The Gambling Passion Is One Of Argentina's Greatest Curses.
Tickets
are bought by all, from the Senator down to the newsboy who ventures
his only dollar.
You meet the water-seller passing down the street with his barrel
cart, drawn by three or four horses with tinkling bells, dispensing
water to customers at five cents a pail. The poorer classes have no
other means of procuring this precious liquid. The water is kept in a
corner of the house in large sun-baked jars. A peculiarity of these
pots is that they are not made to stand alone, but have to be held up
by something.
At early morning and evening the milkman goes his rounds on
horseback.
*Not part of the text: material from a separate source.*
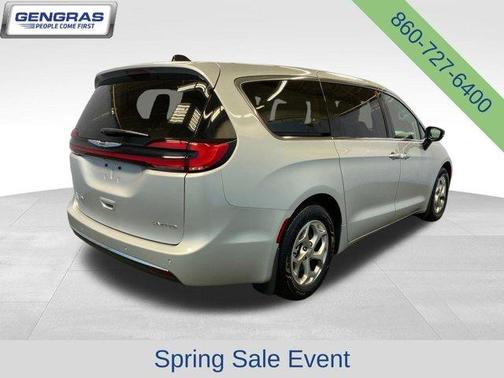 Silver Mist Clearcoat 2024 Chrysler Pacifica Limited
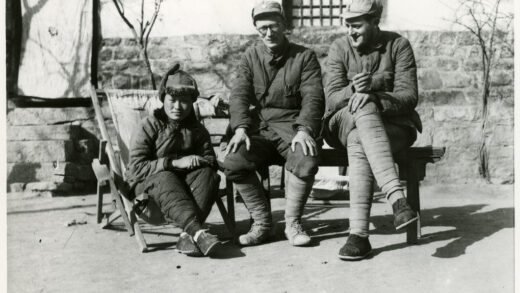 【jpg清晰版】萧立庄（李效黎）、林迈可（michaellindsay）、傅莱博士（richardfrey）.jpg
The milk he carries in six long, narrow cans, like
inverted sugar-loaves, three on each side of his raw-hide saddle, he
himself being perched between them on a sheepskin. In some cans he
carries pure cream, which the jolting of his horse soon converts into
butter. This he lifts out with his hands to any who care to buy.
After the addition of a little salt, and the subtraction of a little
buttermilk, this manteca is excellent. After serving you he will
again mount his horse, but not until his hands have been well wiped
on its tail, which almost touches the ground. The other cans of the
lechero contain a mixture known to him alone. I never analyzed it,
but have remarked a chalky substance in the bottom of my glass. He
does not profess to sell pure milk; that you can buy, but, of course,
at a higher price, from the pure milk seller. In the cool of the
afternoon he will bring round his cows, with bells on their necks and
calves dragging behind. The calves are tied to the mothers' tails,
and wear a muzzle. At a sh-h from the sidewalk he stops them, and,
stooping down, fills your pitcher according to your money. The cows,
through being born and bred to a life in the streets, are generally
miserable-looking beasts. Strange to add, the one milkman shoes his
cows and the other leaves his horse unshod. It is not customary in
this country for man's noble friend to wear more than his own natural
hoof. A visit to the blacksmith is entertaining. The smith, by means
of a short lasso, deftly trips up the animal, and, with its legs
securely lashed, the cow must lie on its back while he shoes its
upturned hoofs.
Many and varied are the scenes. One is struck by the number of
horses, seven and eight often being yoked to one cart, which even
then they sometimes find difficult to draw. Some of the streets are
very bad, worse than our country lanes, and filled with deep ruts and
drains, into which the horses often fall. There the driver will
sometimes cruelly leave them, when, after his arm aches in using the
whip, he finds the animal cannot rise.